Das Wort an eine bestimmte Stelle der Fläche von Display (oder) Papier zu setzen.

Wenn mir daran läge, die anfangs genannten musikalischen Prinzipien des Ereignisses Waschmaschine - den allmächtigen Grundton, die bisweilen mitschwingenden Quinten, die schnellen Beats, die Wiederholungen, die Stille - wenn mir daran läge, diese Prinzipien nachvollziehbar zu machen, müsste ich sie stilisieren. Ich kann meine Wahrnehmung, mein Erleben des Ereignisses Waschmaschine Ihnen nicht eins zu eins vermitteln aus einem schlichten Grund: ich bin keine Waschmaschine.
Ebensowenig bin ich die Summe der notierten Wörter.

Um mein Erleben der notierten Wörter nachvollziehbar zu machen, bleibt mir nichts anderes übrig, als die Vorgänge zwischen ihnen zu stilisieren: auf hochgradig willkürliche Weise werde ich selbst die Reibungen die mir am besten gefallen, provozieren.

[VIII]

Was will uns die Waschmaschine sagen?
Was will uns das Wort Waschmaschine sagen?
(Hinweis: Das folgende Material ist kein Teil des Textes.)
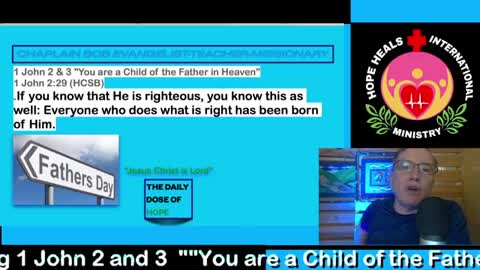 "You are a Child of the Father in Heaven"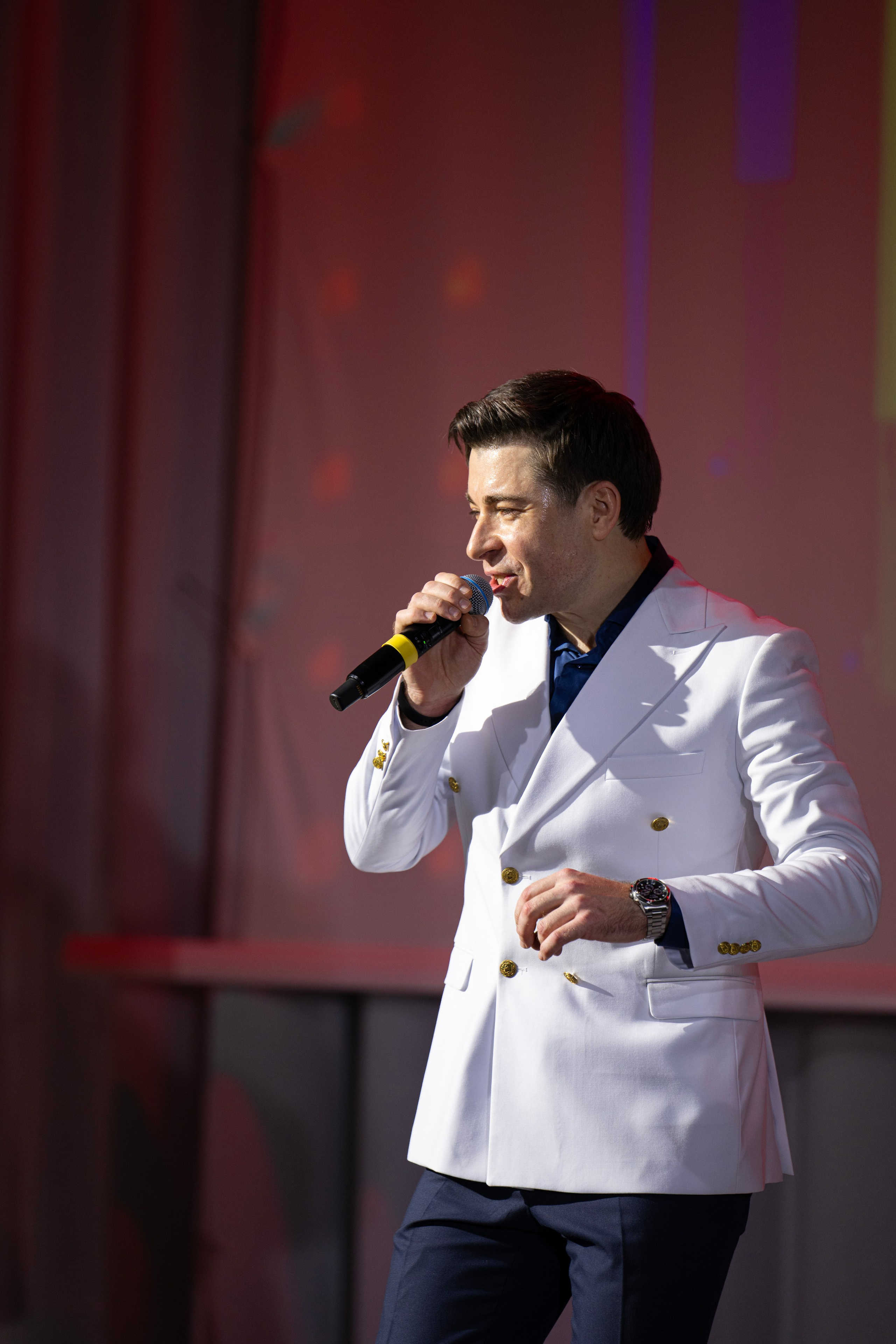 Концерт Владимира Шнитко. Центр культурного развития. г. Зеленодольск. Свадебный фотограф в Казани, и Зеленодольске Радик Мухаметов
Bedeutung scheint dem Wort noch ungleich unbedingter eingeschrieben zu sein als dem Geräusch.
Auch das Wort ist (gesprochen) ein Geräusch.
Das Geräusch ist aber nicht unbedingt ein Wort.

Wenn es mir ernst ist mit dem Wort, kann mein Anliegen nicht sein, das Wort von seiner Bedeutung zu trennen.
Wenn ich aber dem Geräusch Waschmaschine mindestens zehn Bedeutungen zuordnen kann - kann dann nicht auch das Wort Waschmaschine verschiedene Bedeutungen haben?
So subjektiv ich die Bedeutungen des Geräusches innerhalb eines klanglichen Ereignisses bestimmt habe, müsste ich doch auch die Bedeutungen des Wortes innerhalb eines sprachlichen Ereignisses ZUM BEISPIEL DEM GEDICHT bestimmen dürfen.
Wenn aber die Bedeutung dem Wort ohnehin eingeschrieben ist und ich diese verzehnfache - dann kann ich ja auch die Bedeutung des bedeutenden Wortes verzehnfachen, im Sinne der verzehnfachten Bedeutung des Geräusches:
das wären hundert Bedeutungen des Wortes Waschmaschine pro Gedicht!

[IX]

Ich vergleiche nicht die Waschmaschine mit einem Gedicht.
Ich vergleiche die Disposition der akustischen Notizen zu Musik mit der Disposition der verbalen Notizen zu einem Gedicht.

Dennoch wünsche ich jedem mir am Herzen liegenden Gedicht - auch und vor allem den fremden - einen Leser, der auch im Ereignis Waschmaschine ein Gedicht zumindest sucht.

Am Ende bleibt es dann jedem selbst überlassen, ob er das sprachliche Ereignis Gedicht sprechend nachvollzieht und zu einem klanglichen werden lässt - oder ob er es vorzieht, leise der Mechanik zu lauschen.